Since many modifications, variations, and changes in detail can be made to the described embodiments of the invention, it is intended that all matters in the foregoing description and shown in the accompanying drawings be interpreted as illustrative and not in a limiting sense. Furthermore, it is understood that any of the features presented in the embodiments may be integrated into any of the other embodiments unless explicitly stated otherwise. The scope of the invention should be determined by the appended claims and their legal equivalents.
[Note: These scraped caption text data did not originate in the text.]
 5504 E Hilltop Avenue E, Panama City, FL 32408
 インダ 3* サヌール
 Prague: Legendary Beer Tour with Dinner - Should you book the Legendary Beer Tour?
In addition, the present invention has been described with reference to embodiments, it should be noted and understood that various modifications and variations can be crafted by those skilled in the art without departing from the scope and spirit of the invention. Accordingly, the foregoing disclosure should be interpreted as illustrative only and is not to be interpreted in a limiting sense. Further it is intended that any other embodiments of the present invention that result from any changes in application or method of use or operation, method of manufacture, shape, size, or materials which are not specified within the detailed written description or illustrations contained herein are considered within the scope of the present invention.

Insofar as the description above and the accompanying drawings disclose any additional subject matter that is not within the scope of the claims below, the inventions are not dedicated to the public and the right to file one or more applications to claim such additional inventions is reserved.

Although very narrow claims are presented herein, it should be recognized that the scope of this invention is much broader than presented by the claim. It is intended that broader claims will be submitted in an application that claims the benefit of priority from this application.

While this invention has been described with respect to at least one embodiment, the present invention can be further modified within the spirit and scope of this disclosure. This application is therefore intended to cover any variations, uses, or adaptations of the invention using its general principles. Further, this application is intended to cover such departures from the present disclosure as come within known or customary practice in the art to which this invention pertains and which fall within the limits of the appended claims.